The amount of compensation awarded in cases of injury arising from gallbladder surgery does vary from case to case. Damages will be awarded for your pain and suffering and for any loss of earnings you suffer, or care which you might need. There may also be a risk of your developing complications in the future, because of what has gone wrong. Common examples are the possibility of strictures developing, and the risk of ascending cholangitis; if there is a significant risk of such complications arising in the future you will be compensated for that risk. See below for examples of settlements which we have obtained for previous clients.

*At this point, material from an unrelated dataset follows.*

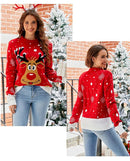 Elk Jacquard Christmas Sweater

A client, represented by Tracy Norris-Evans, Partner in the Clinical Negligence Team, received compensation of £250,000 after suffering a major bile duct injury due to negligence during gallbladder surgery. This is classified as a Strasberg E1 injury with a Bismuth type 1 stricture. As a result of the negligent gallbladder surgery our client has been left with a 15 cm long upper abdominal scar and requires lifelong monitoring for possible complications which could lead to her requiring further surgery. She suffered post-traumatic stress disorder. She now requires long-term surgical follow up with repeated blood testing and ultrasound scanning to monitor the development of the bile duct stricture. She has a long-term risk of developing a stricture of her main biliary tree which may require endoscopic dilation by ERCP or a percutaneous transhepatic cholangiography (PTC) and if these techniques fail, major biliary reconstruction. She also has a lifetime risk of developing an incisional hernia in the order of approximately 5%. She is also at risk of developing complications from adhesions such as small bowel obstruction of approximately 5%, with a 2% risk that abdominal surgery will be needed for the adhesions. She received compensation of £250,000 for her pain and suffering and financial losses, including loss of earnings.